• What the task asks
The data must be given again in full, with no line altered.

• Data

BEGIN

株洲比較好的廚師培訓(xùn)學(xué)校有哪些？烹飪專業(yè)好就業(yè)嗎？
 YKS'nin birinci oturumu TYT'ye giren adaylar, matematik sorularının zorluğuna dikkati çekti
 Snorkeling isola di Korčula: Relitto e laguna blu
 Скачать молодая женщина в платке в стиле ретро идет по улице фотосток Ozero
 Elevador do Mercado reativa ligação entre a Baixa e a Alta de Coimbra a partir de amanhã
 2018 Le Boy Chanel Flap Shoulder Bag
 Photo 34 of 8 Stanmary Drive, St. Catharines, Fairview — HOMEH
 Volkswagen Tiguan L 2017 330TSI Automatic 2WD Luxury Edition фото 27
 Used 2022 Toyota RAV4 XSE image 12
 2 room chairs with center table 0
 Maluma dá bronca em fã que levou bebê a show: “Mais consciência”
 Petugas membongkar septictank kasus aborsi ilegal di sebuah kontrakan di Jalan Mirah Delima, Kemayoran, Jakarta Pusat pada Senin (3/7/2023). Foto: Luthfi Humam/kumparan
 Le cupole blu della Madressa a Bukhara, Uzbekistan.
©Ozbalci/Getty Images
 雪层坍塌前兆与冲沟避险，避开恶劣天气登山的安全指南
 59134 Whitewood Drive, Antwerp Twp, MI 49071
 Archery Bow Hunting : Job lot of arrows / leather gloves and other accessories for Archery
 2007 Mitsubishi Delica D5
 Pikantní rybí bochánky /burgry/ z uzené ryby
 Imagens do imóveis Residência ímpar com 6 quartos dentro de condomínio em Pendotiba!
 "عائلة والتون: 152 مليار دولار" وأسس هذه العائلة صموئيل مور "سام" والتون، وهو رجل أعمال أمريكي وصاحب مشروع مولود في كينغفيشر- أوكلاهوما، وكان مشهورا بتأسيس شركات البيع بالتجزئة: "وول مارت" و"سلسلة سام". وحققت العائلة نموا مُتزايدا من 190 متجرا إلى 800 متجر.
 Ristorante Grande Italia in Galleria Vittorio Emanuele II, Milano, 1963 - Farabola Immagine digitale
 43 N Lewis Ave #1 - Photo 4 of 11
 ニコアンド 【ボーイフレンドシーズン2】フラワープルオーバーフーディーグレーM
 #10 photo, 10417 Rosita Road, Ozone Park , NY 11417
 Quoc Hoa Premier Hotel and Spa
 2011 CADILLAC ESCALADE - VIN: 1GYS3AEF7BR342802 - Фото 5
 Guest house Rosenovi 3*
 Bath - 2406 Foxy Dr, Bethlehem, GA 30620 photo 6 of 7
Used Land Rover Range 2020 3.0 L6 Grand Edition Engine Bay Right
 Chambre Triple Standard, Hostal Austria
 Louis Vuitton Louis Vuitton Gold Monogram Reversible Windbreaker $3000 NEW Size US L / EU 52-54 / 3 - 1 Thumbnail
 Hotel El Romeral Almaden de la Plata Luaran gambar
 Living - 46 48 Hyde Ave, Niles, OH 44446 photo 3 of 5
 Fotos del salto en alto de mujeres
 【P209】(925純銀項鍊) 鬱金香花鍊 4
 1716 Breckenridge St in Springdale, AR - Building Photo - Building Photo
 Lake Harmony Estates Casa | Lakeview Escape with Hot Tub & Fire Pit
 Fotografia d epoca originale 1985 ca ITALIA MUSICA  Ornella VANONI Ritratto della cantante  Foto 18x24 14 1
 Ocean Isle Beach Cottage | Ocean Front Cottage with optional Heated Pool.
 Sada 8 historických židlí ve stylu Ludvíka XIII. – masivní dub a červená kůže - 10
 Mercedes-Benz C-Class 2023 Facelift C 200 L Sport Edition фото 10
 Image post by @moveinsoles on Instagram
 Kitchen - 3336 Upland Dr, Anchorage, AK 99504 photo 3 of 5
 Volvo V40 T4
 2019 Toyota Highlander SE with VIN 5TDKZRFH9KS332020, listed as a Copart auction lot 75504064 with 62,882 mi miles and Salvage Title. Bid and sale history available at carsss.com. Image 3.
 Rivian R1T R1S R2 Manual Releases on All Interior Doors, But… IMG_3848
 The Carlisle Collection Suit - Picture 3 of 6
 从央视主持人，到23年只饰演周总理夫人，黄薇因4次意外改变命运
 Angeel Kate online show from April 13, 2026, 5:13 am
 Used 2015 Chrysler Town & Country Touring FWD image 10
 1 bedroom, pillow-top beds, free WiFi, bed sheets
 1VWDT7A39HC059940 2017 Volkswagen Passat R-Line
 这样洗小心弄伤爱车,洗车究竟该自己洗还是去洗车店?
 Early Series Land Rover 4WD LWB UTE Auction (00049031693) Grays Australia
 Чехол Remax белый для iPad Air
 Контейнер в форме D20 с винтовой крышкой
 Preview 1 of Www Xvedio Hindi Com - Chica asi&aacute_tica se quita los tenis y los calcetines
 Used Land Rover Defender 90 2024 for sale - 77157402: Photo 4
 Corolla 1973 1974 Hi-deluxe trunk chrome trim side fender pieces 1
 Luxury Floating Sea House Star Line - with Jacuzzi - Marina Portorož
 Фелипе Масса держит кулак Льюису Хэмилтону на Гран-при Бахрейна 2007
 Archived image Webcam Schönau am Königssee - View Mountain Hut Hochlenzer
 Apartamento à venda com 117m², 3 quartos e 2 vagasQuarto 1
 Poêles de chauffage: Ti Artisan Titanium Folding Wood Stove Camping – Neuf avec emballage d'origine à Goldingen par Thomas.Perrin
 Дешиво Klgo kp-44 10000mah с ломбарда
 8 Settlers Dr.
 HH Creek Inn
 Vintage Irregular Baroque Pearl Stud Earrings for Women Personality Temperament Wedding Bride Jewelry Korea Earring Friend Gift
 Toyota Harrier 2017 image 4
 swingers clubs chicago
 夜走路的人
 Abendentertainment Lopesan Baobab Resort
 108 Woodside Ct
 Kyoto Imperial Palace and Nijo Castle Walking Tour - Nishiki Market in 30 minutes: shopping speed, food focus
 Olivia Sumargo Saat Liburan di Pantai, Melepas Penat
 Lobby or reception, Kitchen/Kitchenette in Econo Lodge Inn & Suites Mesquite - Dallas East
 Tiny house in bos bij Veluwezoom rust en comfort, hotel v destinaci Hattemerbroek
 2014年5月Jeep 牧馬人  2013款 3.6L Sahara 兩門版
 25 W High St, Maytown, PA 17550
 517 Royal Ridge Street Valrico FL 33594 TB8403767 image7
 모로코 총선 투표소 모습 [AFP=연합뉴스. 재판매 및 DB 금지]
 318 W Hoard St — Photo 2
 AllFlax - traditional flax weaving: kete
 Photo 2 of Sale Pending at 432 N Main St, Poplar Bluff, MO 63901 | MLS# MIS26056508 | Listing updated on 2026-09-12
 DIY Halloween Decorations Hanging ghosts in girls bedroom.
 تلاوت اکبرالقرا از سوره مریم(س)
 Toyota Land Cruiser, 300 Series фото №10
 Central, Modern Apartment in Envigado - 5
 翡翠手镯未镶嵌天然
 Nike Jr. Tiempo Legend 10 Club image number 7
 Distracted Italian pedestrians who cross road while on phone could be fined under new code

END

• Worked solution
株洲比較好的廚師培訓(xùn)學(xué)校有哪些？烹飪專業(yè)好就業(yè)嗎？
 YKS'nin birinci oturumu TYT'ye giren adaylar, matematik sorularının zorluğuna dikkati çekti
 Snorkeling isola di Korčula: Relitto e laguna blu
 Скачать молодая женщина в платке в стиле ретро идет по улице фотосток Ozero
 Elevador do Mercado reativa ligação entre a Baixa e a Alta de Coimbra a partir de amanhã
 2018 Le Boy Chanel Flap Shoulder Bag
 Photo 34 of 8 Stanmary Drive, St. Catharines, Fairview — HOMEH
 Volkswagen Tiguan L 2017 330TSI Automatic 2WD Luxury Edition фото 27
 Used 2022 Toyota RAV4 XSE image 12
 2 room chairs with center table 0
 Maluma dá bronca em fã que levou bebê a show: “Mais consciência”
 Petugas membongkar septictank kasus aborsi ilegal di sebuah kontrakan di Jalan Mirah Delima, Kemayoran, Jakarta Pusat pada Senin (3/7/2023). Foto: Luthfi Humam/kumparan
 Le cupole blu della Madressa a Bukhara, Uzbekistan.
©Ozbalci/Getty Images
 雪层坍塌前兆与冲沟避险，避开恶劣天气登山的安全指南
 59134 Whitewood Drive, Antwerp Twp, MI 49071
 Archery Bow Hunting : Job lot of arrows / leather gloves and other accessories for Archery
 2007 Mitsubishi Delica D5
 Pikantní rybí bochánky /burgry/ z uzené ryby
 Imagens do imóveis Residência ímpar com 6 quartos dentro de condomínio em Pendotiba!
 "عائلة والتون: 152 مليار دولار" وأسس هذه العائلة صموئيل مور "سام" والتون، وهو رجل أعمال أمريكي وصاحب مشروع مولود في كينغفيشر- أوكلاهوما، وكان مشهورا بتأسيس شركات البيع بالتجزئة: "وول مارت" و"سلسلة سام". وحققت العائلة نموا مُتزايدا من 190 متجرا إلى 800 متجر.
 Ristorante Grande Italia in Galleria Vittorio Emanuele II, Milano, 1963 - Farabola Immagine digitale
 43 N Lewis Ave #1 - Photo 4 of 11
 ニコアンド 【ボーイフレンドシーズン2】フラワープルオーバーフーディーグレーM
 #10 photo, 10417 Rosita Road, Ozone Park , NY 11417
 Quoc Hoa Premier Hotel and Spa
 2011 CADILLAC ESCALADE - VIN: 1GYS3AEF7BR342802 - Фото 5
 Guest house Rosenovi 3*
 Bath - 2406 Foxy Dr, Bethlehem, GA 30620 photo 6 of 7
Used Land Rover Range 2020 3.0 L6 Grand Edition Engine Bay Right
 Chambre Triple Standard, Hostal Austria
 Louis Vuitton Louis Vuitton Gold Monogram Reversible Windbreaker $3000 NEW Size US L / EU 52-54 / 3 - 1 Thumbnail
 Hotel El Romeral Almaden de la Plata Luaran gambar
 Living - 46 48 Hyde Ave, Niles, OH 44446 photo 3 of 5
 Fotos del salto en alto de mujeres
 【P209】(925純銀項鍊) 鬱金香花鍊 4
 1716 Breckenridge St in Springdale, AR - Building Photo - Building Photo
 Lake Harmony Estates Casa | Lakeview Escape with Hot Tub & Fire Pit
 Fotografia d epoca originale 1985 ca ITALIA MUSICA  Ornella VANONI Ritratto della cantante  Foto 18x24 14 1
 Ocean Isle Beach Cottage | Ocean Front Cottage with optional Heated Pool.
 Sada 8 historických židlí ve stylu Ludvíka XIII. – masivní dub a červená kůže - 10
 Mercedes-Benz C-Class 2023 Facelift C 200 L Sport Edition фото 10
 Image post by @moveinsoles on Instagram
 Kitchen - 3336 Upland Dr, Anchorage, AK 99504 photo 3 of 5
 Volvo V40 T4
 2019 Toyota Highlander SE with VIN 5TDKZRFH9KS332020, listed as a Copart auction lot 75504064 with 62,882 mi miles and Salvage Title. Bid and sale history available at carsss.com. Image 3.
 Rivian R1T R1S R2 Manual Releases on All Interior Doors, But… IMG_3848
 The Carlisle Collection Suit - Picture 3 of 6
 从央视主持人，到23年只饰演周总理夫人，黄薇因4次意外改变命运
 Angeel Kate online show from April 13, 2026, 5:13 am
 Used 2015 Chrysler Town & Country Touring FWD image 10
 1 bedroom, pillow-top beds, free WiFi, bed sheets
 1VWDT7A39HC059940 2017 Volkswagen Passat R-Line
 这样洗小心弄伤爱车,洗车究竟该自己洗还是去洗车店?
 Early Series Land Rover 4WD LWB UTE Auction (00049031693) Grays Australia
 Чехол Remax белый для iPad Air
 Контейнер в форме D20 с винтовой крышкой
 Preview 1 of Www Xvedio Hindi Com - Chica asi&aacute_tica se quita los tenis y los calcetines
 Used Land Rover Defender 90 2024 for sale - 77157402: Photo 4
 Corolla 1973 1974 Hi-deluxe trunk chrome trim side fender pieces 1
 Luxury Floating Sea House Star Line - with Jacuzzi - Marina Portorož
 Фелипе Масса держит кулак Льюису Хэмилтону на Гран-при Бахрейна 2007
 Archived image Webcam Schönau am Königssee - View Mountain Hut Hochlenzer
 Apartamento à venda com 117m², 3 quartos e 2 vagasQuarto 1
 Poêles de chauffage: Ti Artisan Titanium Folding Wood Stove Camping – Neuf avec emballage d'origine à Goldingen par Thomas.Perrin
 Дешиво Klgo kp-44 10000mah с ломбарда
 8 Settlers Dr.
 HH Creek Inn
 Vintage Irregular Baroque Pearl Stud Earrings for Women Personality Temperament Wedding Bride Jewelry Korea Earring Friend Gift
 Toyota Harrier 2017 image 4
 swingers clubs chicago
 夜走路的人
 Abendentertainment Lopesan Baobab Resort
 108 Woodside Ct
 Kyoto Imperial Palace and Nijo Castle Walking Tour - Nishiki Market in 30 minutes: shopping speed, food focus
 Olivia Sumargo Saat Liburan di Pantai, Melepas Penat
 Lobby or reception, Kitchen/Kitchenette in Econo Lodge Inn & Suites Mesquite - Dallas East
 Tiny house in bos bij Veluwezoom rust en comfort, hotel v destinaci Hattemerbroek
 2014年5月Jeep 牧馬人  2013款 3.6L Sahara 兩門版
 25 W High St, Maytown, PA 17550
 517 Royal Ridge Street Valrico FL 33594 TB8403767 image7
 모로코 총선 투표소 모습 [AFP=연합뉴스. 재판매 및 DB 금지]
 318 W Hoard St — Photo 2
 AllFlax - traditional flax weaving: kete
 Photo 2 of Sale Pending at 432 N Main St, Poplar Bluff, MO 63901 | MLS# MIS26056508 | Listing updated on 2026-09-12
 DIY Halloween Decorations Hanging ghosts in girls bedroom.
 تلاوت اکبرالقرا از سوره مریم(س)
 Toyota Land Cruiser, 300 Series фото №10
 Central, Modern Apartment in Envigado - 5
 翡翠手镯未镶嵌天然
 Nike Jr. Tiempo Legend 10 Club image number 7
 Distracted Italian pedestrians who cross road while on phone could be fined under new code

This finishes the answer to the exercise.